HN Story - macintosh.world

macintosh.world | Log In | Register

Back to HN

GLM 5.2 Performance Benchmarks

by theanonymousone | 53 points | 12 comments | 2026-06-17 02:30:51 Central

Open Source Link | Read Source Here

Open on Hacker News

Comments

wongarsu
It does really well on "AA-Omniscience Non-Hallucination Rate", far higher than DeepSeek, GPT 5.5 or Fable. I really like that benchmark because it's one of the few benchmarks that allows LLMs to elect not to answer if they are unsure and punishes them for trying to bullshit their way through the benchmark

> andai
This implies that other benchmarks (for which every AI provider is optimizing?) are actively encouraging bullshitting?

hemkeshr
Local models are already useful today.
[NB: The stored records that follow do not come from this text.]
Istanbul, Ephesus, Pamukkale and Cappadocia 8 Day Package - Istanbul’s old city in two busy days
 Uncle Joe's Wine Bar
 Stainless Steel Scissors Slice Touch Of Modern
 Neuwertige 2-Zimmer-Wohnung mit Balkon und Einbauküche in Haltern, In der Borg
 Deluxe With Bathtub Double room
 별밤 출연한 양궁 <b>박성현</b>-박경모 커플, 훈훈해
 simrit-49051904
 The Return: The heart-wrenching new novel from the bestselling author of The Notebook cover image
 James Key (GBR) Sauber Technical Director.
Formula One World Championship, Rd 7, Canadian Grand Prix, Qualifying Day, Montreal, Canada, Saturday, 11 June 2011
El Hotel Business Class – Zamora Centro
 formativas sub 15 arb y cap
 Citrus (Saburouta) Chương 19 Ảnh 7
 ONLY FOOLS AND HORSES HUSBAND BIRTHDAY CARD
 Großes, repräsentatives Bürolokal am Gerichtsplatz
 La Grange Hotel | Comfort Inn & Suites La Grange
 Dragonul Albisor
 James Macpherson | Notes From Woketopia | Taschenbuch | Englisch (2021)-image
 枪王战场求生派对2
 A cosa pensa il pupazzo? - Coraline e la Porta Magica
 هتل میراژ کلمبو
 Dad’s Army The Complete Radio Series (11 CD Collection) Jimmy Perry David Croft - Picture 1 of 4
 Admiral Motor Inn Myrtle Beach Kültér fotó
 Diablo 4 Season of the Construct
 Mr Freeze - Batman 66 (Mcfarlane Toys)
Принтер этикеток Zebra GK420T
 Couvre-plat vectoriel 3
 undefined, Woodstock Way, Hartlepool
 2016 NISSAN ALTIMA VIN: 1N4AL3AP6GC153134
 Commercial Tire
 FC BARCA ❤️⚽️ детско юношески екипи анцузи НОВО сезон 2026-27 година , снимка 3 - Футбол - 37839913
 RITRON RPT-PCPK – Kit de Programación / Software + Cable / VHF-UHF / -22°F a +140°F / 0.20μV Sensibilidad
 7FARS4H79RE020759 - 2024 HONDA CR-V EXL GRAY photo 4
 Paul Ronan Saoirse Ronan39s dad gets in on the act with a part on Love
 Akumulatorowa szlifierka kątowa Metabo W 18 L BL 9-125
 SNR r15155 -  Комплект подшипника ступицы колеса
The next milestone is getting this level of performance onto truly affordable hardware.

XCSme
I also tested it[0]: quite similar to GLM 5, a few percent better, 30% faster and 50% more expensive.[0]: https://aibenchy.com/?q=glm

> XCSme
PS: Just added a cool feature, so you can filter the leaderboard for multiple models at once, by using a comma, like: https://aibenchy.com/?q=glm,claude

> lousken
still 1/4 of the price of anthropic and openai models though

lanycrost
It's always nice to see how open source models growing, hope we will have good performance with lower tier hardware some day.

theturtletalks
I want to trust their benchmarks but when they have Muse Spark over GPT-5.5, it gives me pause.

sourcecodeplz
still quite verbose at 140m output tokens, but this is on max thinking. high should do better.

ChrisArchitect
Some more discussion: https://news.ycombinator.com/item?id=48567759

DeathArrow
One or two more releases and they will reach Fable level.

> vitalyan123
by then there will be Fable 5.21, again 5% ahead of every other SotA while still only 500% the size.